I also had a bad feeling, even though the guy was polite, just had a bad feeling when I called the Seattle FBI. I don't know why. The guy didn't blow me off, but then he was saying I might want to get a lawyer. I said why would I need a lawyer? and he said, "To make sure you're doing things the right way." I just had a bad feeling.

And honestly, when I write that, I know it's right. My gut instincts tell me I am right about something not being right over there or with my calling there. I know I need to find out who was trying to smear me over there.

This is sort of the second time, too, that I felt I have had pressure or a veiled warning about not making any complaint to try to have my rights respected. Wenatchee officers try to blow things off and then the FBI does, if they're not blocking or ignoring reports, they are telling people that THEY might want to "get a lawyer" and make sure "you're doing the right thing." Something just stinks over there.
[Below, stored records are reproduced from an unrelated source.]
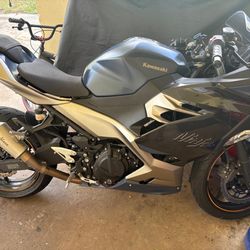 2023 Kawasaki Ninja 400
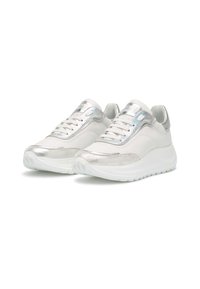 Sneakers bianchi con dettagli metallici argentati, in pelle liscia, punta tonda, lacci e suola imbottita. Notevoli dettagli lucidi sulla tomaia.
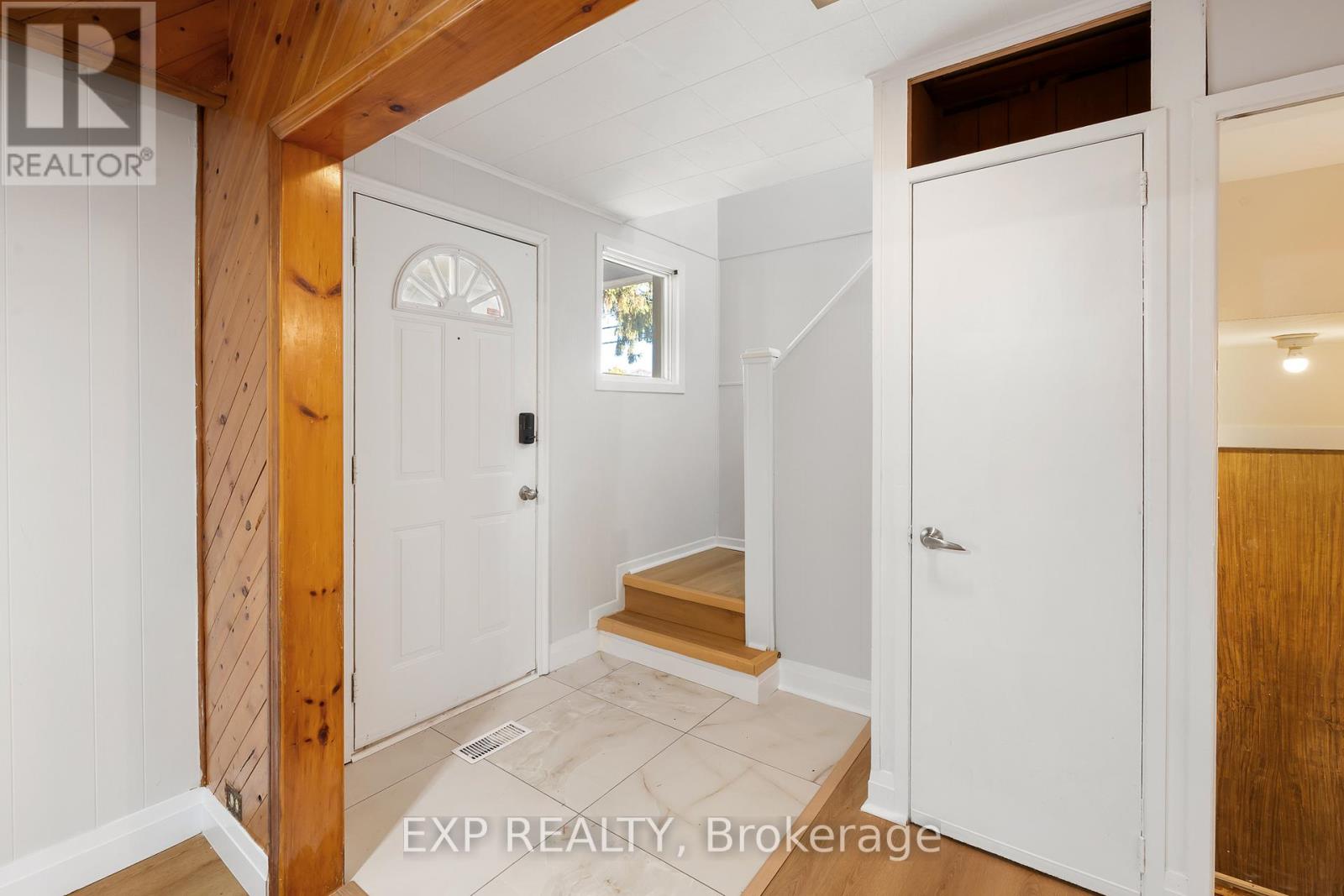 467 Grove Avenue S, Windsor, Ontario  N9A 6G3 - Photo 5 - X12517840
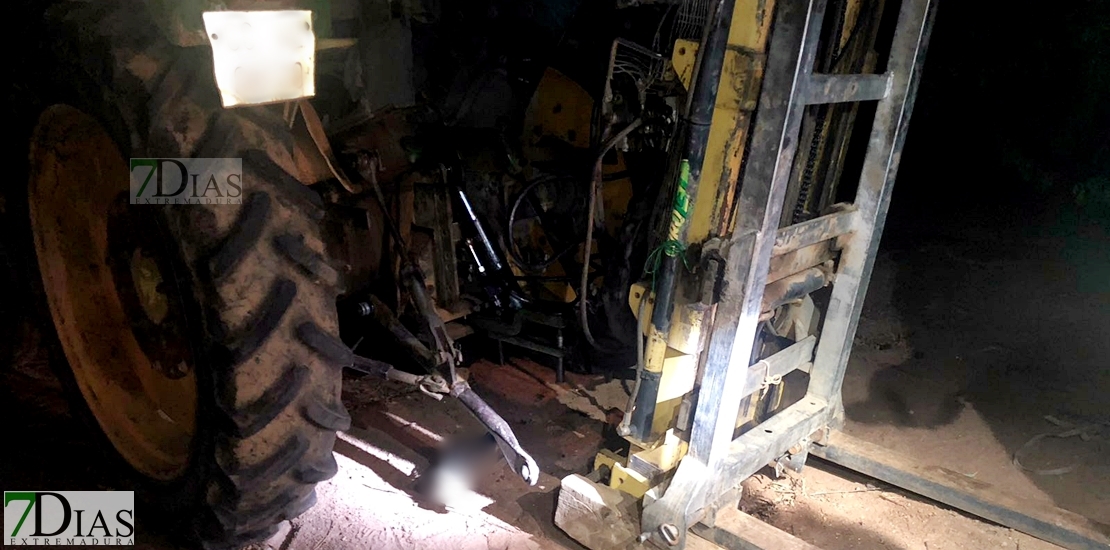 Un hombre muere tras quedar atrapado en un tractor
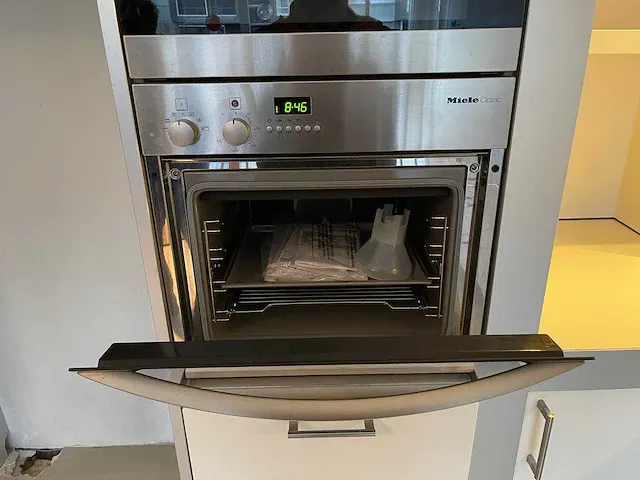 Bulthaup keukenopstelling met miele apparatuur - afbeelding 13 van  19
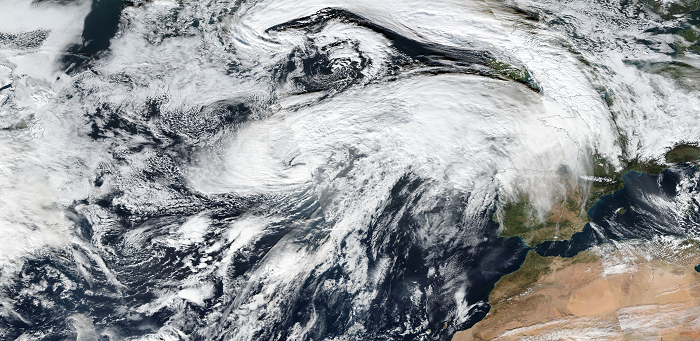 La borrasca Diana, centrada en el Atlántico, próxima a Azores, el día 27 a mediodía (Imagen MODIS del satélite SUOMI NPP)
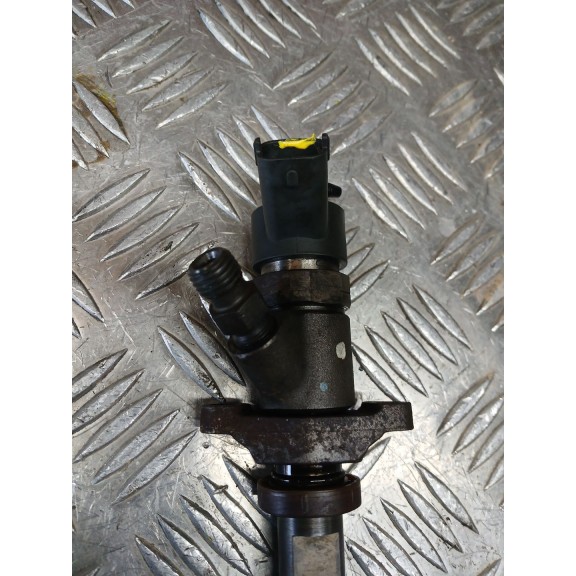 Recambio de inyector para mazda 3 berlina (bk) 1.6 cd diesel cat referencia OEM IAM 0445110188  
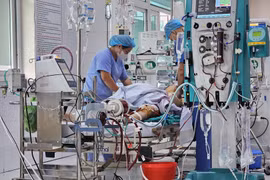 Hút thuốc lá nhiều năm, người đàn ông 42 tuổi bị nhồi máu cơ tim cấp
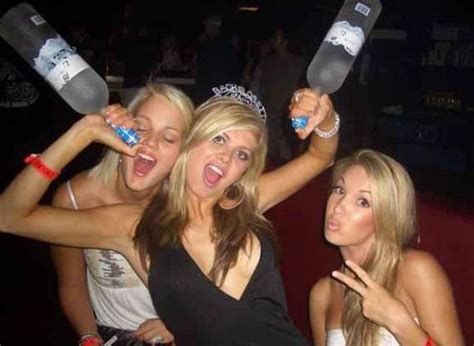 11 things you ll regret in your 30s nightclub edition
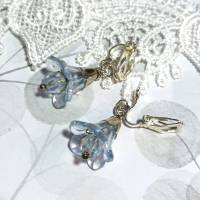 Ohrclips Blüten funkelnd in blau Glasperle handgemacht im boho chic als Brautschmuck Bild 1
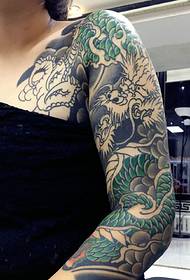 modello di tatuaggio tradizionale drago malvagio braccio grande fionda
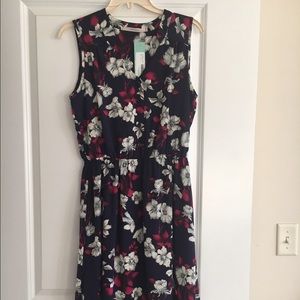 Colorful sleeveless dress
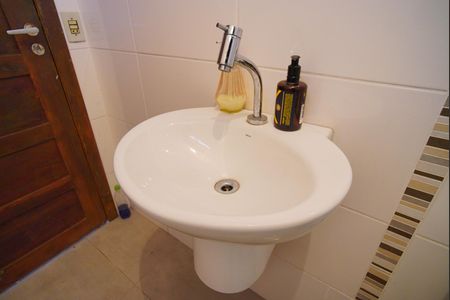 Casa à venda com 300m², 3 quartos e 3 vagasGaragem - Banheiro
I almost feel like, the real issue might be that there are some very bad people that are against me and some are in those forces and that maybe the good ones are not in the police at all...it's like they want to strip me of everything and of my son and then want to threaten me not to speak up for myself or my son. Something is different too, because where they were pissed and hostile before, now they are acting confident and up but, I feel, sort of threatening me or trying to warn me, maybe not to report on THEIR guys when they're the ones who need to be reported.

I don't know what my radar is telling me, other than that someone or some group which I don't think is the best one, thinks they have the upper hand.

I know I'm right. I feel immediately that it is confirmed with me and something is true, like the holy spirit or someone affirming with me in spirit and praying for me. I know I'm right about my gut instincts but I am not sure what it's regarding. I need information from the right people, as to what is going on and what things continue to be planned or plotted against me. And I need to know who my son's real defenders are because I don't think my son and I know who the good team is. I know a lot of people have tried to screw us over, and that means my whole family, but most importantly, me and my son period.